5. The in-air gesture control method based on visible light signals according to claim 1, characterized in that, the emitted light signals are generated by a display device switching two adjacent complementary frames, and the line-by-line refresh scheme generates spatial resolution information out of the perception range of the human eye; when two complementary frames of n lines are switched continuously, the display device generates a high-frequency light signal of $\frac{n * f_{s}}{2},$ where: f.sub.S represents the refresh rate of the display device, then the light signal emitted by the display device has two frequency components: $\frac{n * f_{s}}{2} Hz and \frac{f_{s}}{2} Hz,$ and the complementary block is on one side of the light sensor; in order to hide the complementary frame into the content of the display device, it is necessary to convert the pixels that need to be modified, that is, the complementary block parts, from RGB color space to CIE 1931 one by one to XYZ color space, and then the original pixel is convert into two complementary pixels to form two complementary frames.

6. The in-air gesture control method based on visible light signals according to claim 5, characterized in that, the color space conversion is: X=0.41R+0.36G+0.18B, Y=0.21R+0.72G+0.07B, Z=0.02R+0.12G+0.95B where: X, Y, Z represent the three components of the XYZ color space, respectively, and R, G, B represent the three components of the RGB color space, respectively.

7. The in-air gesture control method based on visible light signals according to claim 5, characterized in that, the complementary frame is obtained by the following method: the color value (R, G, B) of a pixel in the image is converted into (x, y, Y), and then color values (x.sub.1, y.sub.1, Y.sub.1), (x.sub.2, y.sub.2, Y.sub.2) of complementary pixels are solved.

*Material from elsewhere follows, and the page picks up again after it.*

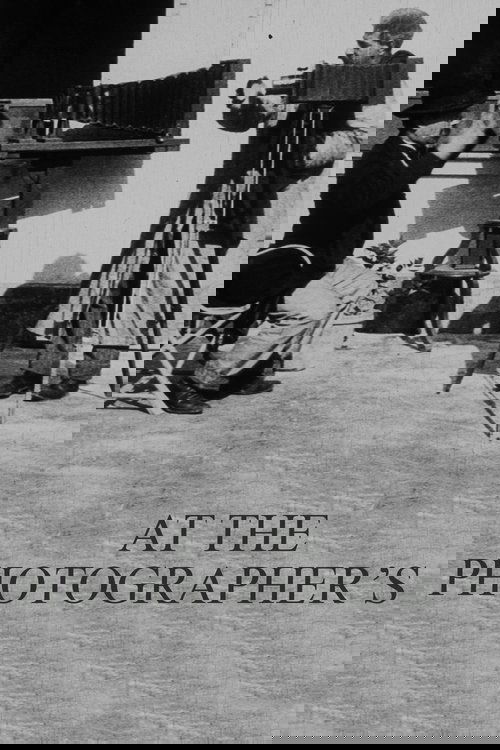 Affiche Chez le photographe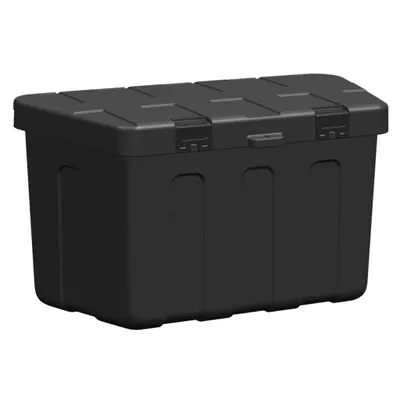 Produktbild von ProPlus Lagerbox für Zugdeichsel Kunsstoff 320 x 630 x 355 mm 340061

The solution process is equivalent to solving a linear programming problem: max ΔY=|Y.sub.1−Y.sub.2|, $s . t . x_{1} = x_{2} = x, y_{1} = y_{2} = y, Y = \frac{Y_{1} + Y_{2}}{2};$ by establishing a lookup table containing intermediate calculation results, the computing overhead is reduced, that is, the intermediate result Y.sub.max can be directly obtained through (x, y), and then ΔY.sub.max=min(Y.sub.max−Y, Y) is solved, and finally the optimization problem can be solved.

8. The in-air gesture control method based on visible light signals according to claims 1, characterized in that, by adding an edge smoothing mechanism, the edges of complementary blocks are scattered to reduce the influence of two-frame switching on visual effects.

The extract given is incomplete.